### Exercise brief
In your copy of the data below, reproduce every entry exactly and omit the pictures.
--- Data supplied Enclosed Below ---
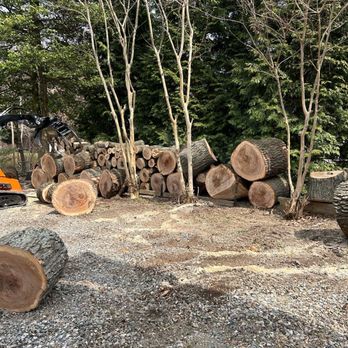 Citrine Tree Service - Oak Wood Left For Customer - Tree Services Near Me Citrine Tree Service - Oak Wood Left For Customer - Tree Services Near Me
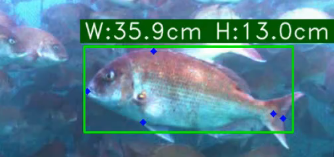 水質データ画像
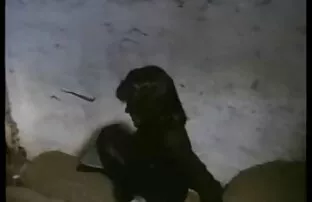 XXX बालों वाली क्लोज़ अप किटी सेक्सी फिल्म मूवी हिंदी बहुत अच्छा लग रहा है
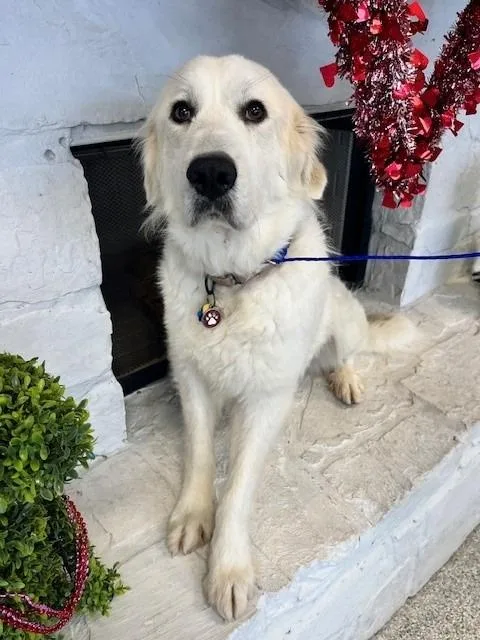 Mrs Claus thumbnail 2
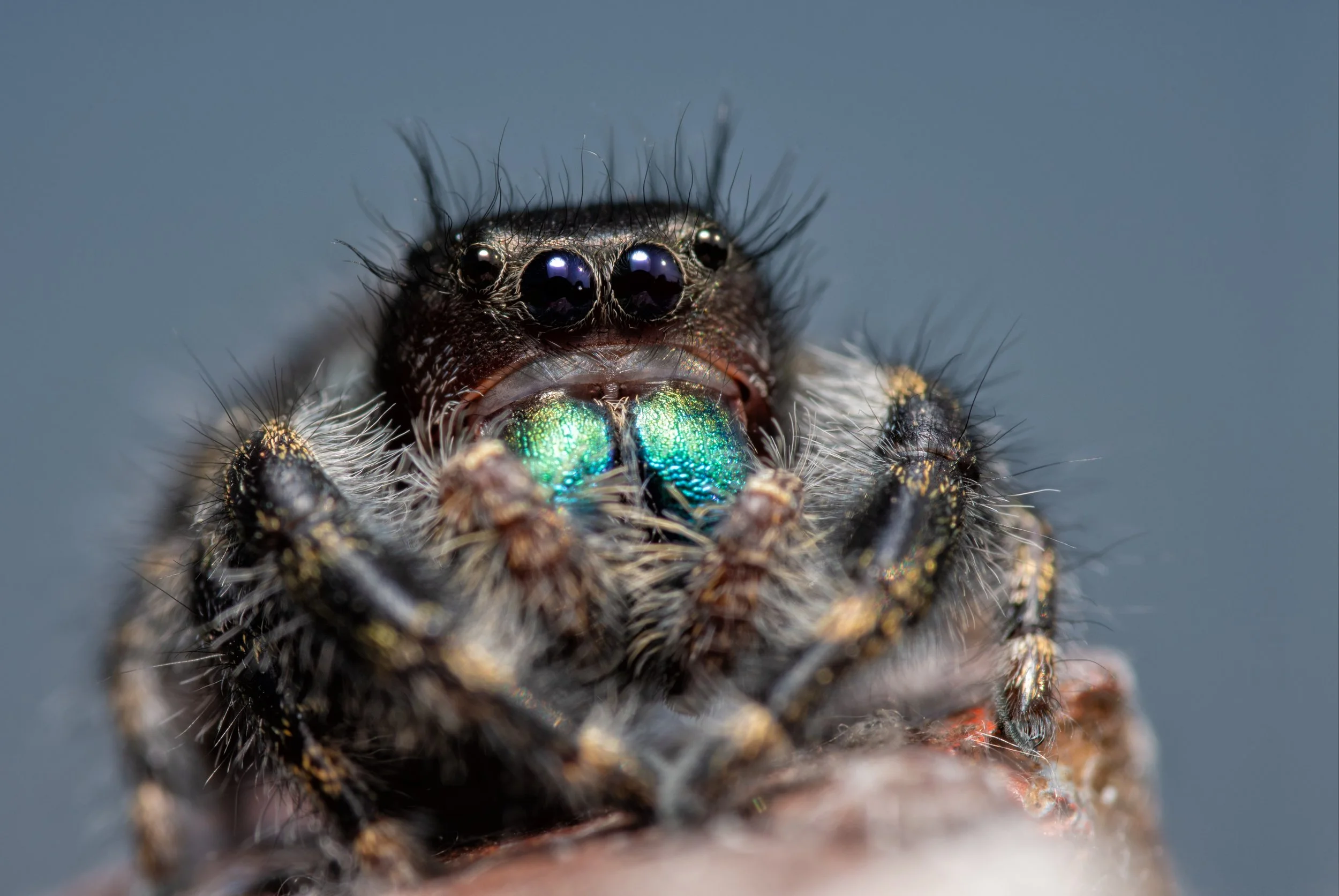 AdobeStock_308774019.jpeg
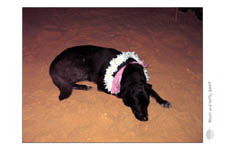 BeachAndParty-2007_0070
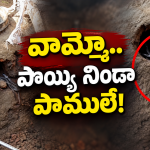 పొయ్యిలో 20కి పైగా పాములు.. ఏకంగా పిల్లలతో కాపురం పెట్టేసిందిగా? ధైర్యం ఉంటేనే చూడండి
--- End of Enclosed Data supplied ---
### Result of this task
 Citrine Tree Service - Oak Wood Left For Customer - Tree Services Near Me Citrine Tree Service - Oak Wood Left For Customer - Tree Services Near Me
 水質データ画像
 XXX बालों वाली क्लोज़ अप किटी सेक्सी फिल्म मूवी हिंदी बहुत अच्छा लग रहा है
 Mrs Claus thumbnail 2
 AdobeStock_308774019.jpeg
 BeachAndParty-2007_0070
 పొయ్యిలో 20కి పైగా పాములు.. ఏకంగా పిల్లలతో కాపురం పెట్టేసిందిగా? ధైర్యం ఉంటేనే చూడండి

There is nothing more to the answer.